Glenn Irvine from the MCAC said the organisation wanted all future flights to Uluru from any COVID-19 hotspots to be cancelled.

This would mean travellers from NT declared hotspots would not be able to fly into Yulara Airport.

At the moment those hotspots include: Victoria, Greater Sydney, Port Stephens and Eurobodalla Shire in NSW and Brisbane, Ipswich and Logan in Queensland.

As for the tourists who arrived yesterday, they will all be tested for COVID-19.

Mr Irvine said if there were no positive results returned from that cohort, the park would be reopened.

Why was there a blockade on Monday?

On Monday, the Mutitjulu community blockaded the entry to Uluru after a flight from the declared coronavirus hotspot of Brisbane arrived at the nearby Yulara airport.

The blockade ended in the afternoon after Parks Australia announced it would temporarily close the park.

A press release from MCAC, released while the Brisbane to Yulara flight was in the air, called for all passengers be transported to Alice Springs for quarantine or return to Brisbane immediately.

As it stands, travellers transiting through COVID-19 hotspot areas do not have to quarantine upon arriving in the NT.

MCAC had remained consistent on their position for months in regards to interstate tourists.

A meeting to discuss the corporation’s concerns was held on Friday and involved MCAC, Parks Australia, Chief Minister Michael Gunner, and Voyagers, the company who operate the airport and accommodation facilities at Yulara.

MCAC chief executive Thalia Bohl-Van Dem Boogaard said the meeting left the corporation with the understanding that no flights would arrive in Yulara from declared COVID-19 hotspots.

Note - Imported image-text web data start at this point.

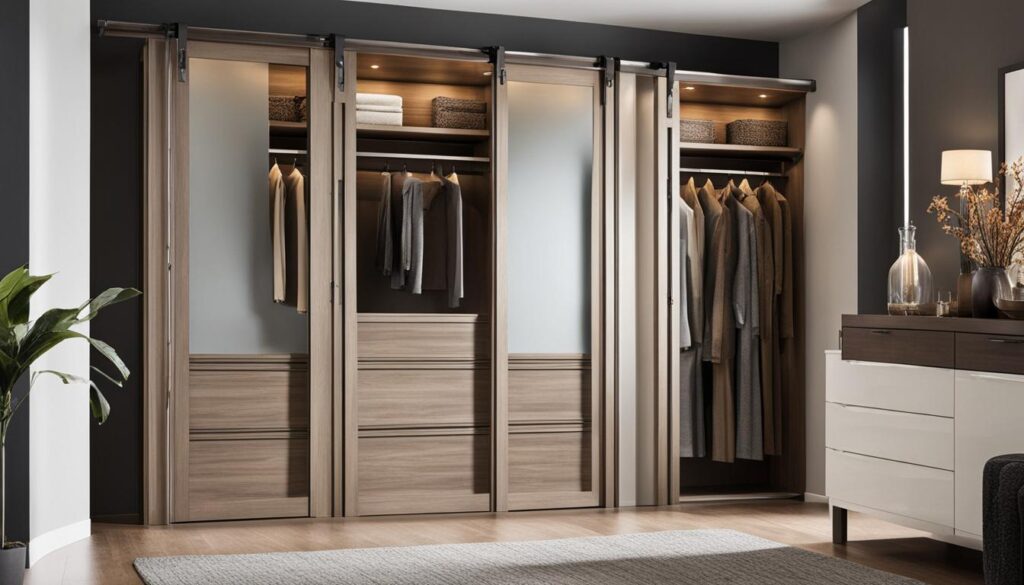 Closet door styles
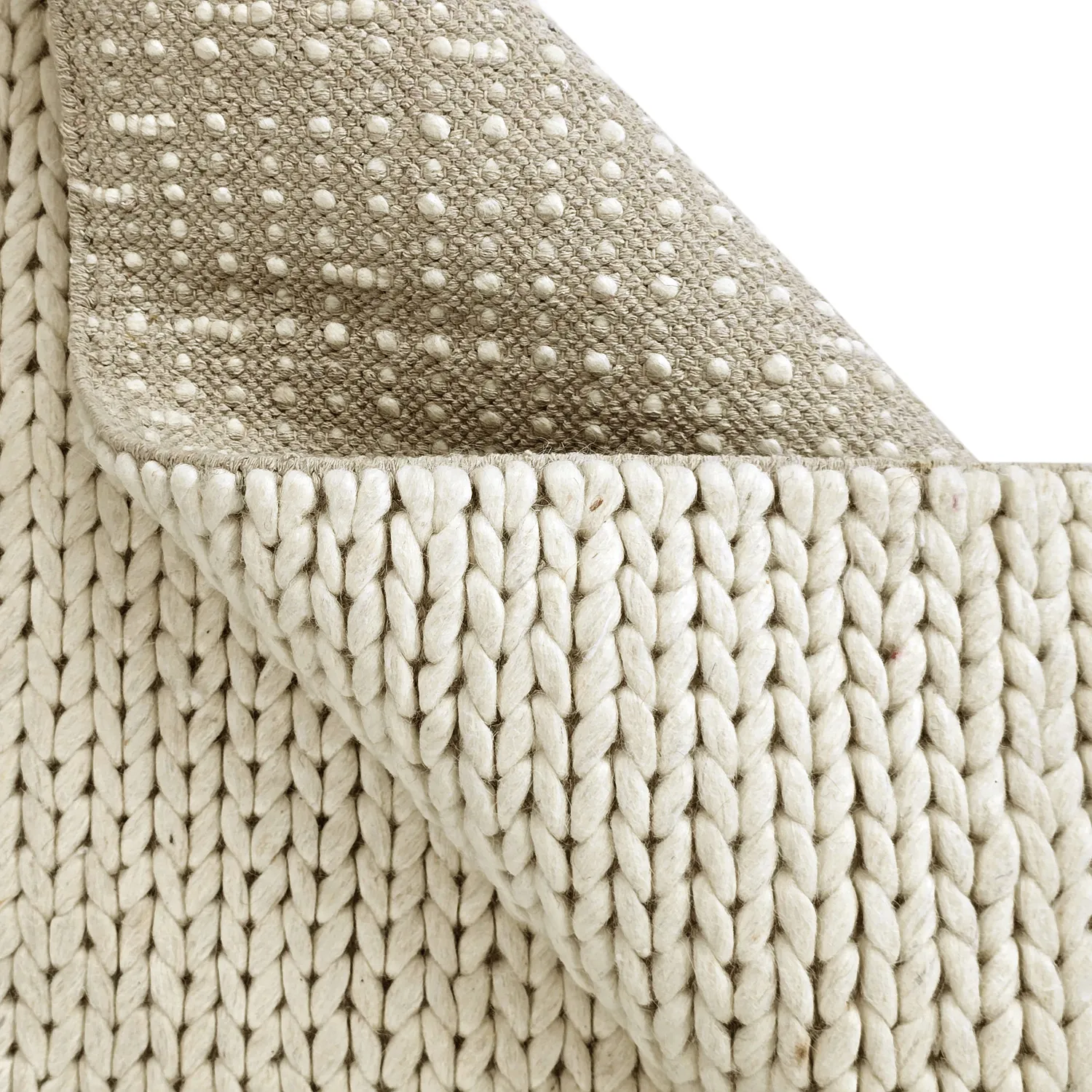Wool rug - Talvia Braided Wool (off-white)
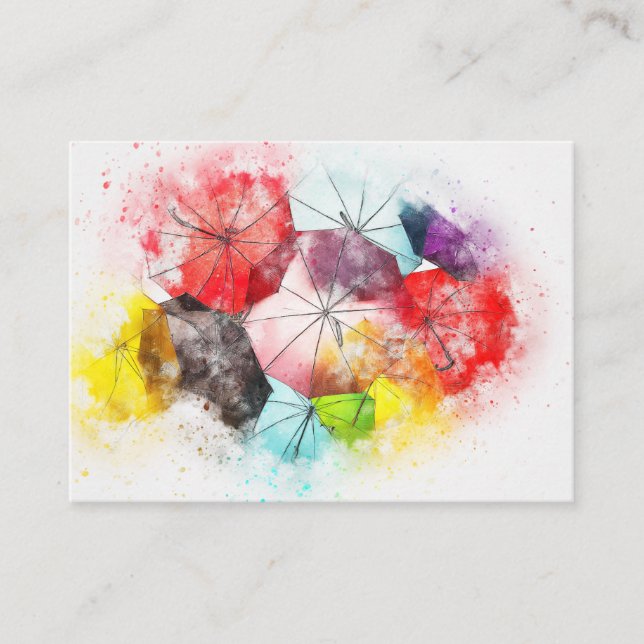 Visitkortparaplyfotografer Decoraters Visitkort (Framsida)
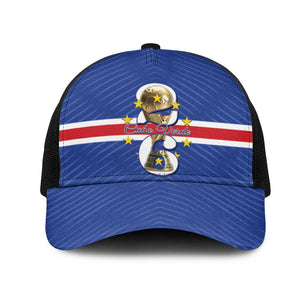 Afro Cape Verde Football Baseball Net Cap 2026 Tubaroes Azuis First-ever World Cup - African Pride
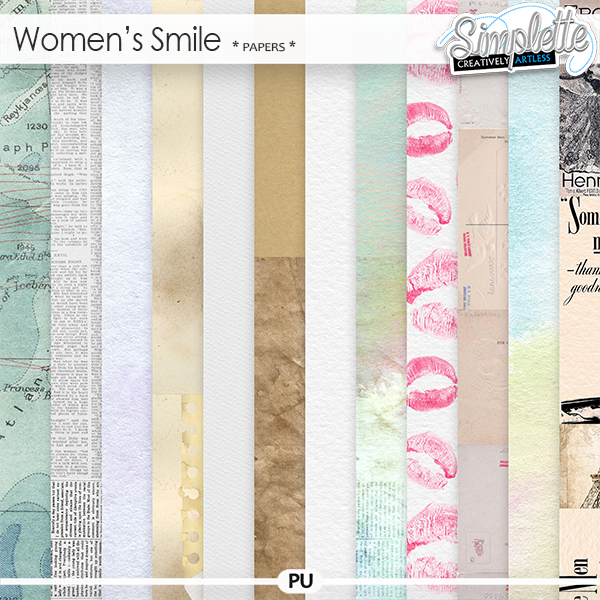 Women's Smile (papers) by Simplette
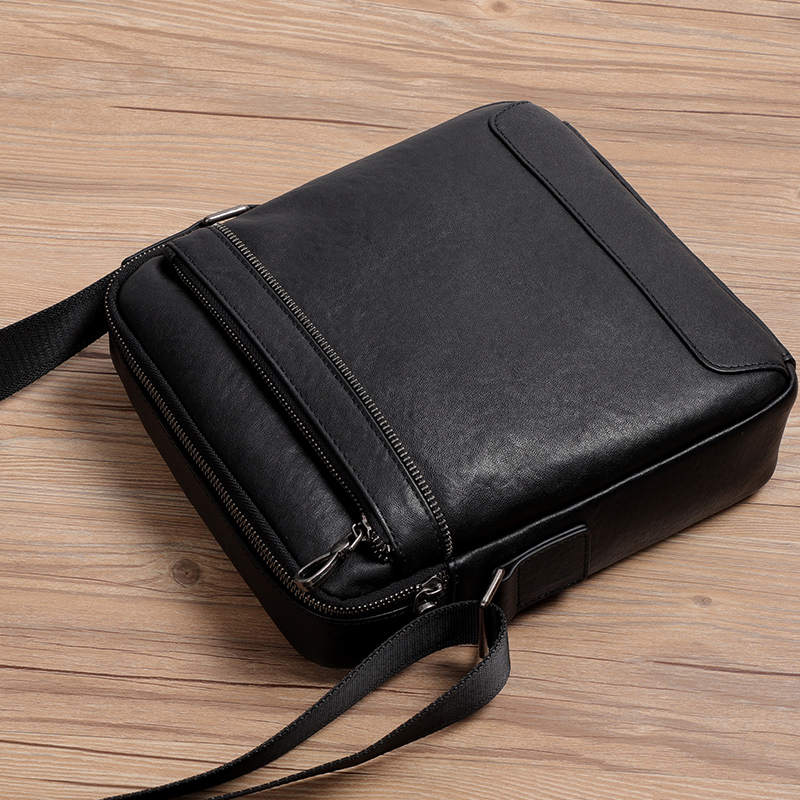 Echt leer Heren Crossbody Tas  - Leather Work Bag Men recensie en prijs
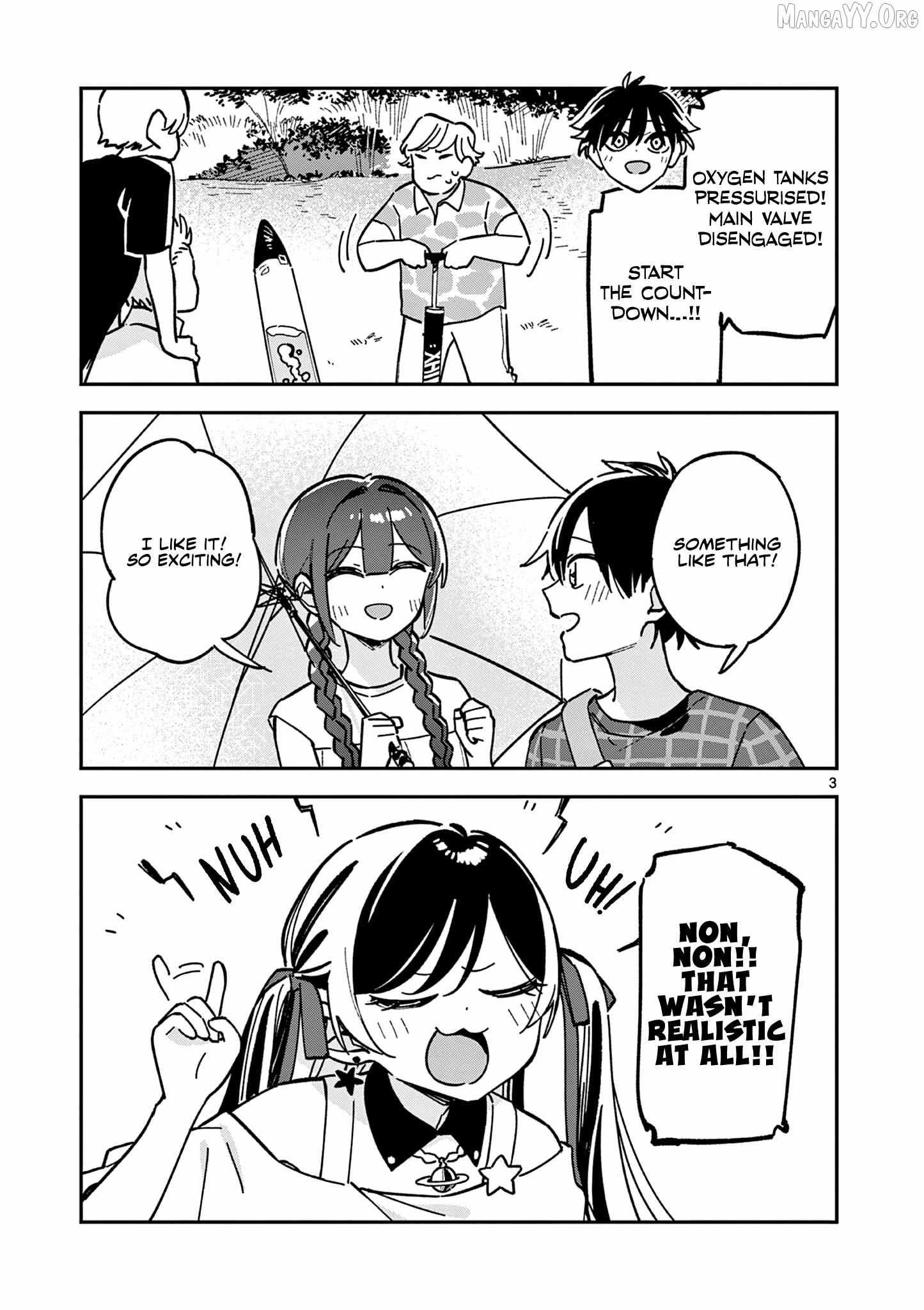 After School, We Wander in Space. Chapter 42 page 3 - 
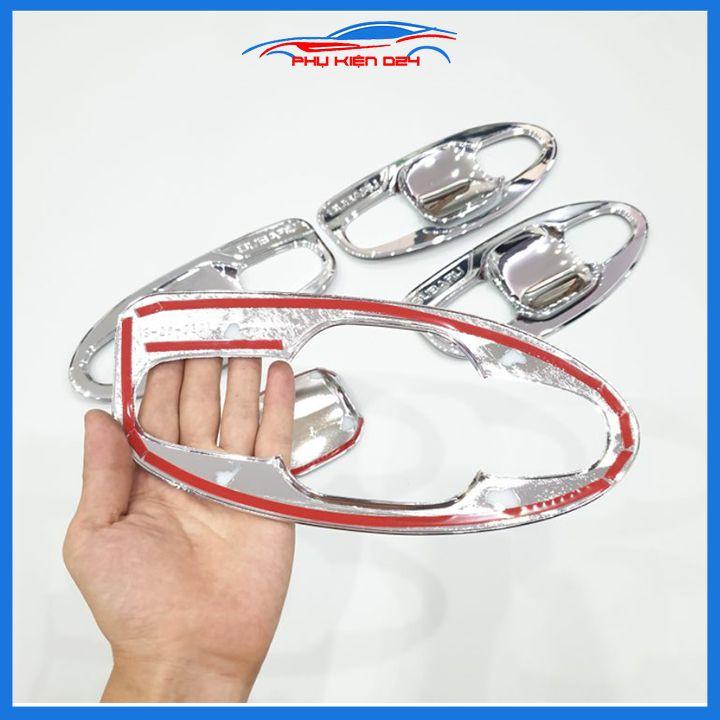 Ốp hõm mạ crom Subaru Forester 2020-2021 sáng bóng chống trầy bảo vệ cửa xe ô tô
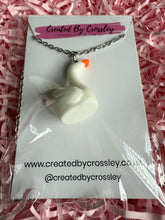 Load image into Gallery viewer, Swan Charm Necklace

“It was agreed upon that no flights would go to the airport direct from any capital city hotspots as declared by the [Northern Territory Government], yet one landed on Monday,” she said.

What about the economy?

The CEO of Voyages, Grant Hunt, said the airport had followed all NT health guidelines to the letter and was the only operator in the country using independent contractors to perform contract screening from departure airports.

Mr Hunt said they had introduced temperature checking upon arrival at Yulara Airport as an additional safety measure.

He said he did not understand the singular focus on this airport, when there were more than 400 drive-in travellers in the area from all over the country.

From an economic perspective, Mr Hunt said if the airport was forced to close again, it would stay shut until international arrivals return, meaning 700 jobs would be lost.

“Let me be clear. Without planes, we don’t have a business,” Mr Hunt said.

Who makes the decision to close the park?

The decision of whether the Uluru-Kata Tjuta National Park remains open or stays closed will rest with Parks Australia.

Uluru-Kata Tjuta National Park was closed for three months during the coronavirus pandemic and reopened on June 19.

Mr Gunner said his preference was for all interstate flights into the Northern Territory to arrive in Alice Springs or Darwin.

The Chief Minister said transporting people over 440kms from Yulara Airport to Alice Springs for mandatory quarantine was an additional pressure on staff.

“I want all those planes to come into the Northern Territory to land at once of those places like an Alice Springs or a Darwin, that would be what I want, rather than Yulara, it creates a logistical difficulty for us in taking those people from the Yulara airport to Alice Springs. If we have to do it, we will,” Mr Gunner said.

“For us, we don’t have and don’t want a quarantine facility at the rock.”

Yulara Airport is privately run by Voyages and regulated by the Federal Government.